Integrated file upload is provided by some extant wikis (such as TWiki). Others allow it in a halfhearted manner... using a separate script to upload files to the server, which can then be referenced in a wiki page as a simple hyperlink (e.g., http://wiki.somewhere.com/uploads/myfile.pdf).

One of the potentials for wikis is for use as groupware. Think LotusNotes. Basically, communal workspaces or databases in which shared documents may reside. Simple groupware applications are already possible with wiki, in which teams maintain a shared set of wiki documents. But for full-fledged groupware, we need the capability to upload files to the wiki.

Goals

Idea

For sites that have enabled uploads, display an additional link at the bottom of each page: Attach File. This link allows one to attach one or more files to a page. The script will store these files in the database.

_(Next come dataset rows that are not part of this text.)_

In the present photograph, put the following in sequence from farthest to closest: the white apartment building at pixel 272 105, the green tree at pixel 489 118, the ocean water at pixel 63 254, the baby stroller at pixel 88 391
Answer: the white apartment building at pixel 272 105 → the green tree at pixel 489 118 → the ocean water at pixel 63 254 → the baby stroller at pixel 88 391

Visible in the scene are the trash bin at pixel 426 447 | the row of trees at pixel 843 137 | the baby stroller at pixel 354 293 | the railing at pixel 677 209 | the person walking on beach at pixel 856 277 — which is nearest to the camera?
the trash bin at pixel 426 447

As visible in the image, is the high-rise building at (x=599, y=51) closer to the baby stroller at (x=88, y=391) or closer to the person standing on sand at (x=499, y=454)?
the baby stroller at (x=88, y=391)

Each page that has attachments will have a floating <div> at the top-right of the page body. This will contain icons for each attachment, as well as the attachment name, as well as an link to attach additional files.

Clicking on the attachment icon or name will display the attachment management page for that attachment. It will show links for each version being archived. Users may download any of the versions. Users may also upload a new version of the document to be added to the top of the version list. Lastly, the document may be deleted. This places a <deleted> token at the top of the version list. If it remains uncontested for ExpirationPeriod days, the attachment will be removed. To contest a deletion, one need simply upload a new version of the attachment.

The attachments will be stored in the page table. This will require schema changes. I'm not sure at this point how to distinguish a document as an attachment or as a wiki page. Perhaps we can add a mime-type field. Neither am I sure how to distinguish a document as being attached to a particular page. It could be as simple as naming it along the lines of PageName/attachment.pdf. Or we could do something more involved. :-) (My preference, I must warn you, is for simplicity. :-) -- ScottMoonen

Questions

How do the various open-source databases perform under stress? I.e., can we assume that allowing folks to insert 20MB files into the database will not degrade performance? Obviously, in addition to setting web server access controls, we will recommend that administrators set a reasonable but restrictive maximum file size for uploads (which we'll provide as a configuration option).

Does the model presented above make sense to everyone? Is there a better way to achieve this?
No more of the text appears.